Undang-Undang Pajak Pertambahan Nilai barang dan jasa dan pajak penjualan atas barang mewah di Indonesia diatur dengan UU No. 7 Tahun 2021 Tentang Harmonisasi Peraturan Perpajakan, yang merupakan perubahan atas UU PPN No. 8 Tahun 1983.

Pajak pertambahan Nilai (PPN) merupakan pajak yang dikenakan atas setiap pertambahan nilai dari barang atau jasa dalam peredarannya dari produsen ke konsumen. PPN juga dapat diistilahkan Value Added Tax (VAT) atau Goods and Services Tax (GST). PPN termasuk jenis pajak tidak langsung artinya pajak tersebut disetor oleh pihak lain (pedagang) yang bukan penanggung pajak, atau dengan kata lain penanggung pajak (konsumen akhir) tidak menyetorkan langsung pajak yang ia tanggung.

Di Indonesia sendiri menganut sistem tarif tunggal untuk PPN yaitu sebesar 11% (sebelas persen) berlaku sejak 1 April 2022 dan 12% (duabelas persen) berlaku 1 januari 2025.

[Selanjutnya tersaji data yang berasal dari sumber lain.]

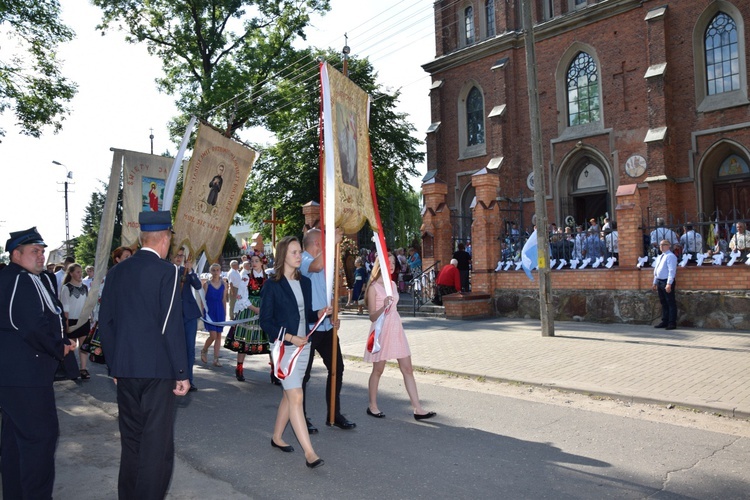 Powitanie ikony MB Częstochowskiej w Kompinie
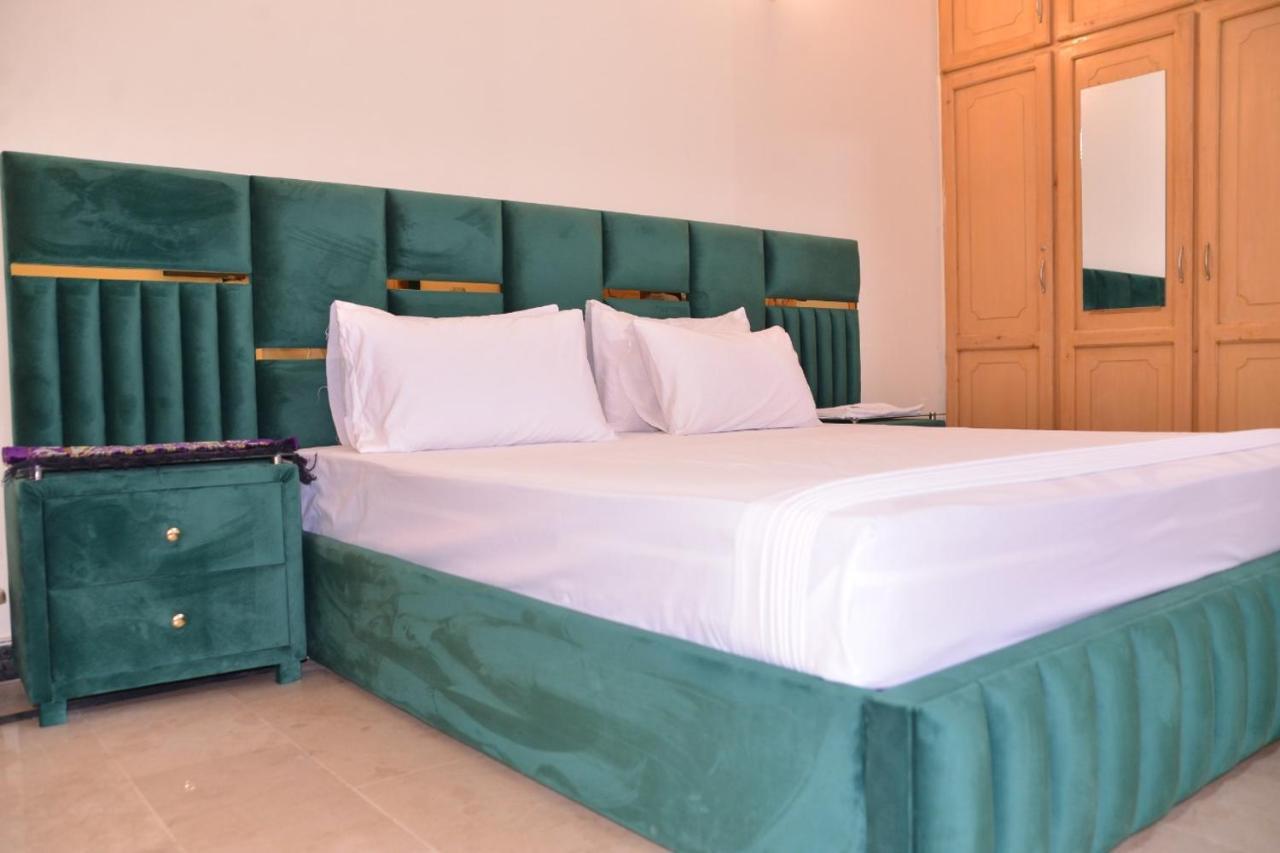 Redbury Guesthouse اسلام اباد المظهر الخارجي الصورة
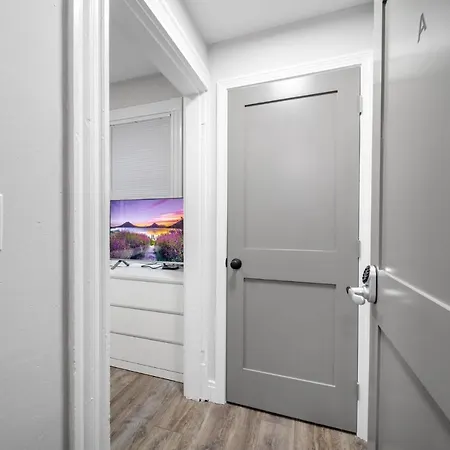4br 1bh In South Near Old Harbor Private Apartment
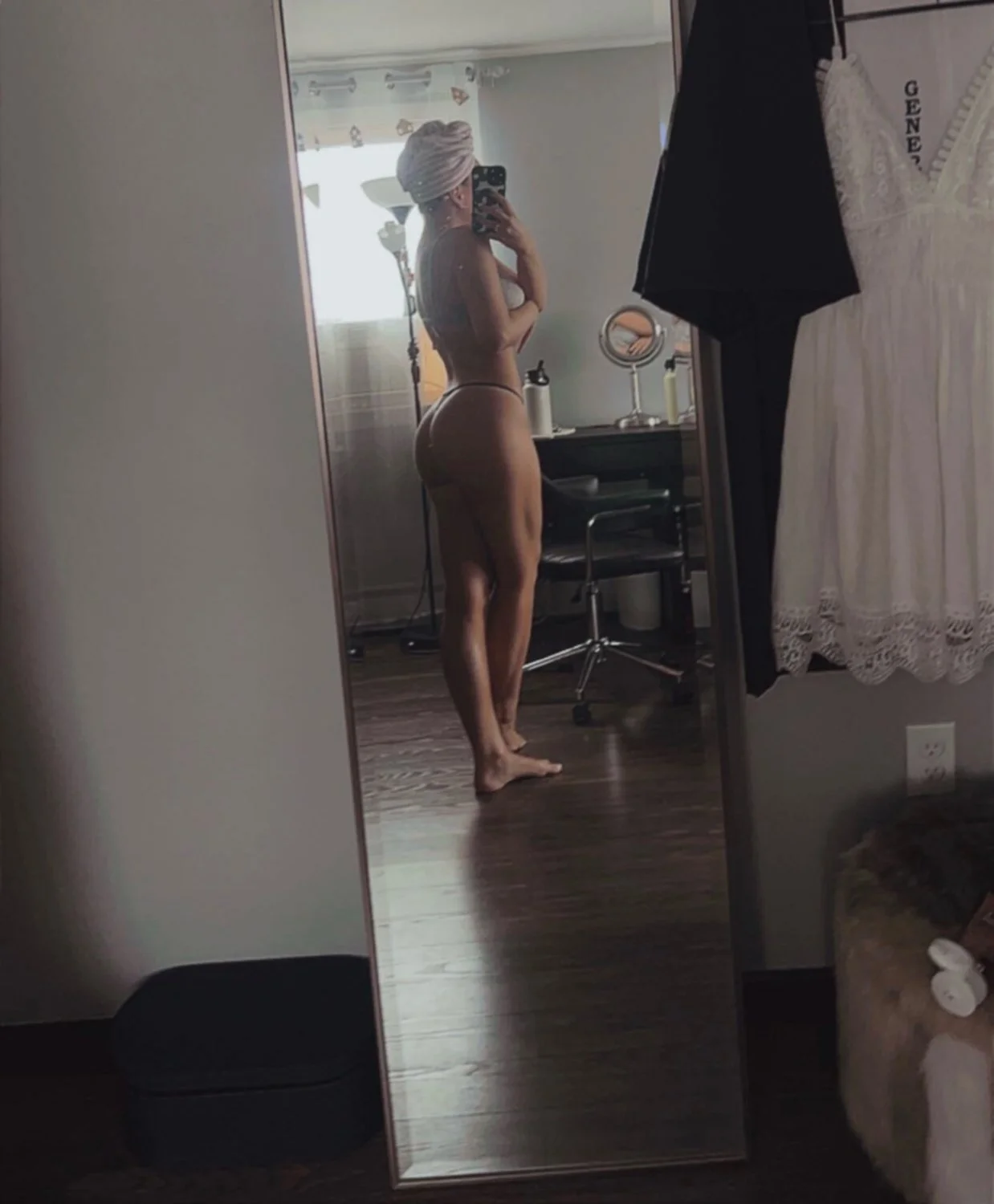 Whore image 8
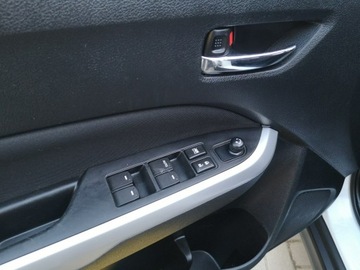 Suzuki Vitara III SUV 1.6 VVT 120KM 2015 Suzuki Vitara 1.6 Benzyna 120KM Klimatronik Salon, zdjęcie 10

Adapun karakteristik Pajak Pertambahan Nilai adalah:
  • Pajak pertambahan Nilai merupakan pajak tak langsung.
Maksudnya pemikul beban pajak dan penanggung jawab atas pembayaran pajak ke kas negara merupakan pihak yang berbeda. Pemikul beban pajak berkedudukan sebagai pembeli barang kena pajak atau penerima jasa kena pajak. Sedangkan penanggung jawab atas pembayaran ke kas Negara adalah pengusaha kena pajak yang bertindaak sebagai penjual barang kena pajak. Oleh karena itu apabila terjadi penyimpangan pemungutan pajak pertambahan nilai iskus akan meminta pertanggungjawaban kepada penjual barang kena pajak atau pengusaha kena pajak, bukan kepada pembeli walaupun pembeli mungkin juga berstatus sebagai pengusaha kena pajak. 
  • Pajak objektif.
Pajak objektif merupakan pajak yang saat timbulnya kewajiban ditentukan oleh faktor objektif. 
  • Tidak menimbulkan dampak pengenaan pajak ganda.
Kemungkinan pengenaan pajak ganda dapat dihindari karena pajak pertambahan nilai dipungut atas nilai tambah saja. Dalam hal ini pengusaha tidak diberi hak untuk memperoleh kembali PPN yang dibayar atas perolehan bahan baku/pembantu atau barang modal. Akibatnya pajak penjualan yang terutang sepenuhnya merupakan hasil perkalian tarif PPN dengan peredaran bruto. 
  • Dihitung dengan metode pengurangan tidak langsung (indirect subtraction), yaitu dengan memperhitungkan besaran pajak masukan dengan pajak keluaran.